A statement confirming Kim Deal had ended her 25-year involvement with Pixies was released last week. Among devoted fans, there was a lot of hand-wringing and rending of long-sleeved Doolittle T-shirts. For Deal herself, currently on the road to promote a deluxe 20th anniversary reissue of Last Splash, the breakthrough second album by her own band, the Breeders, it seems less of a big deal.
If Pixies were fearsome but fraught, the 2013-edition Breeders have a different byword: fun. At one point during this boisterous gig, Kim's twin sister, Kelley, puts gaffer tape over her mouth for no reason other than it seems to amuse her. The belated return of the personnel who recorded Last Splash – including bassist Josephine Wiggs and drummer Jim Macpherson – appears to have been genuinely rejuvenating rather than merely contractual.
Wiggs's big moment comes just three minutes in, when, after the distorted "awooga" soundcheck intro to Cannonball, she fluidly restates one of the most iconic and exposed basslines of the 90s. It sets a toweringly high bar for the rest of the gig, but the remaining half an hour or so of Last Splash sounds terrific, a gonzo admixture of breathy vocals (mostly Kim) and irregular bombardments of bracing guitar scree (mostly Kelley). There are also memorable instances of Waikiki sway, courteous country and, on the keening Divine Hammer, moshable melody.
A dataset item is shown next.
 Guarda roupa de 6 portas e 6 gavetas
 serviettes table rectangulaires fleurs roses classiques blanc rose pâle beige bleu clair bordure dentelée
The extended encore is a chance for fans to kneel before Pod, the Breeders' debut album and a record that Kurt Cobain adored. After the pummelling hard rock of Hellbound, Wiggs is cajoled by the Deal sisters into providing the uninflected first-person narration for Metal Man, which sounds bigger and more brutal than it does on record. "I think it's going really great, right?" says Kim before a second encore. On this form, it's impossible to disagree.